Hello! Your question is very common, and the answer lies in the fundamental difference in how openSUSE Leap and openSUSE Tumbleweed/Slowroll are built and updated.
Leap: Fixed Release (Updating with Patches)
Leap is a fixed-release distribution (like Ubuntu or Fedora). It has a stable system base that doesn’t change drastically. The updates you receive are patches—security fixes and bug fixes for individual packages.
This is why the graphical notifier alerted you: it was designed to look for and apply these patches, which are minor and safe updates to the packages you already have.
Slowroll/Tumbleweed: Rolling Release (Upgrading with “dup”)

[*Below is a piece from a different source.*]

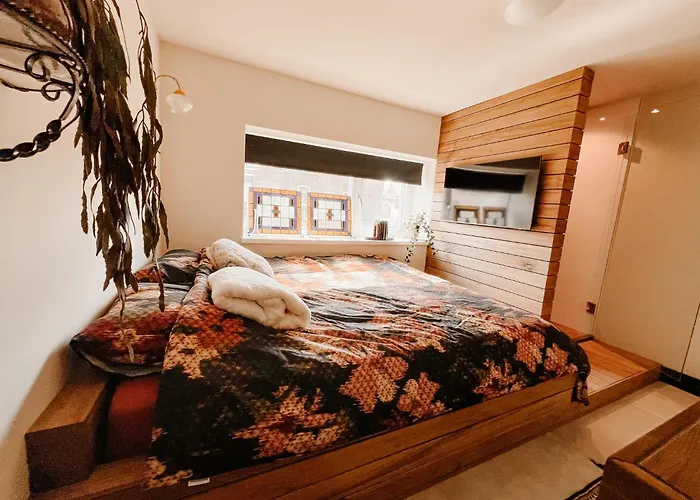 Bed and breakfast De Bunker Katwijk 3*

Slowroll, just like Tumbleweed, is a rolling release. It doesn’t receive patches. Instead, the entire distribution moves forward as a single “block” or snapshot. An update means synchronizing your whole system with the latest snapshot, which can contain hundreds of new packages.
This is where sudo zypper dup (distribution upgrade) comes in. It’s the only command that performs this full synchronization correctly. Unlike a simple update, dup can:
Upgrade packages to newer versions.
Downgrade a package if the new snapshot requires an older version for compatibility.
Remove packages that have become obsolete.
Add new packages that have become dependencies.
If you were to use zypper update on a rolling system, it would only update a few packages and ignore the necessary downgrades and removals, leading to an inconsistent system with broken dependencies.
This is why the graphical notifier doesn’t alert you about updates on Slowroll: it looks for patches (which don’t exist) and concludes the system is up-to-date, when in fact a dup would bring in an entirely new distribution image.
In short: On Leap, you received notifications to update individual packages. Now on Slowroll, you perform a full system upgrade with sudo zypper dup, and the terminal is the standard and recommended tool for this operation.